Anyone paying attention to the Trump presidency knows that a deposition to Donald Trump is like a cross to a vampire. He can’t seem to tell the truth for more than a few minutes at a time. He stonewalls on questions he wants to evade. But in a civil case, the judge can order Trump to respond. If he remains intransigent, he could be ordered to jail until he complies.

That sort of power could unearth protest planning documents, emails among participants and witness testimony about exactly how the president reacted when he watched the Jan. 6 mob surging through the halls of Congress. Trump would have to raise his right hand and swear to tell the truth about what he knew and when he knew it concerning both the Capitol attack and his false claims of election fraud. Criminal evidence is sometimes turned up in civil discovery. And perjury could get the former president into deeper hot water.

First, however, Swalwell and Thompson’s lawsuits have to overcome hurdles that could get them tossed before discovery begins.

One obstacle is what’s called “standing.” In the last 35 years or so, the U.S. Supreme Court, at the instigation of conservative justices beginning with Justice Antonin Scalia, has honed and strictly policed the doctrine of standing. Swalwell and Thompson may not sue Trump, let alone get anything out of him, just because they believe he lied or incited rioters.
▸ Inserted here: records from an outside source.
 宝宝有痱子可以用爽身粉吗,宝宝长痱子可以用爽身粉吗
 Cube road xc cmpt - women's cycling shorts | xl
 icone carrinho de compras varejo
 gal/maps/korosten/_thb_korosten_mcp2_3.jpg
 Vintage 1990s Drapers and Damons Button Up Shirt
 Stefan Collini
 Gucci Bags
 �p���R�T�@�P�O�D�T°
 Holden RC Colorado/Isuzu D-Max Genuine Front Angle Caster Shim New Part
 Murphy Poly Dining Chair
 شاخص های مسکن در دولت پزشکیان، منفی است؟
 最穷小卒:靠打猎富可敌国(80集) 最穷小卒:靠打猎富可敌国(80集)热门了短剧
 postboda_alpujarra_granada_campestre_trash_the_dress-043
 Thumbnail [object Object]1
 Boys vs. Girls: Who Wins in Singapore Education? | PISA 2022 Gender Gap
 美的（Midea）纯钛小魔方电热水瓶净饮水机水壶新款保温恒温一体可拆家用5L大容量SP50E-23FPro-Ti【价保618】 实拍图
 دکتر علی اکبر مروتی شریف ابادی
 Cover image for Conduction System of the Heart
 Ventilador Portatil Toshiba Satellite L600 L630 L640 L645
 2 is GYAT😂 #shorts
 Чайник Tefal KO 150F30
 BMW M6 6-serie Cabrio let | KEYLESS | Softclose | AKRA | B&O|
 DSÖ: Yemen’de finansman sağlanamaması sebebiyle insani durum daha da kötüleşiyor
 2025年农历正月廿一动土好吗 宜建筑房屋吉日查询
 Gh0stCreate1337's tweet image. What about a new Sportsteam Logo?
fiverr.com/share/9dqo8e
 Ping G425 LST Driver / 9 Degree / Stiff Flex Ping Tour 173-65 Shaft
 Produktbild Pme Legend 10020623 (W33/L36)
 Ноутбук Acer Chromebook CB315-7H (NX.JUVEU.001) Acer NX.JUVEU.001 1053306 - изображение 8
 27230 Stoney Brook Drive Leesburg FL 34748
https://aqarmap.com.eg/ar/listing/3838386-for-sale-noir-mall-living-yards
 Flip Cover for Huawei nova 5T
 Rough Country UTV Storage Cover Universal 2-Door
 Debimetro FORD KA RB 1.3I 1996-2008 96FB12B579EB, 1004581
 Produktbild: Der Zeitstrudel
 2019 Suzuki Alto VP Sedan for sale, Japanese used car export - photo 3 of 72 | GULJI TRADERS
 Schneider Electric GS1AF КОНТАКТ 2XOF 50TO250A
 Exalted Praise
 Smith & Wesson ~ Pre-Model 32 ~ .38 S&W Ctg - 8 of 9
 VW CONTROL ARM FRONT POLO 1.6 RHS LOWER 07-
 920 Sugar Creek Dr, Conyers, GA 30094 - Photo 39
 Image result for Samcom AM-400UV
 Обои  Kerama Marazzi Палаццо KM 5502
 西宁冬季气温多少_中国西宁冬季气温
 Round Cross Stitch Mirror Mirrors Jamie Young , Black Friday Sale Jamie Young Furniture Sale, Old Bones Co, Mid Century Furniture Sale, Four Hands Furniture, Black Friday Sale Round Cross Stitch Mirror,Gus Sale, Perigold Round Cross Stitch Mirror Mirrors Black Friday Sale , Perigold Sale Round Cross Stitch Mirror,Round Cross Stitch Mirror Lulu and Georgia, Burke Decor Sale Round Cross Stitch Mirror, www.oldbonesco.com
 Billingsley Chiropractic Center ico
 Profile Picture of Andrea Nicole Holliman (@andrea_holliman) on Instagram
They must show what the court calls “a concrete, particularized injury in fact.”

Such a personal injury may be slight, but it must be concrete. And here is where Jan. 6’s wildness opens a door. As a mob broke through police lines into the Capitol, Swalwell and Thompson can make a case that they were terrified, physically under threat and impeded from doing their official duties — in particular, certifying the election results that put Joe Biden into the White House.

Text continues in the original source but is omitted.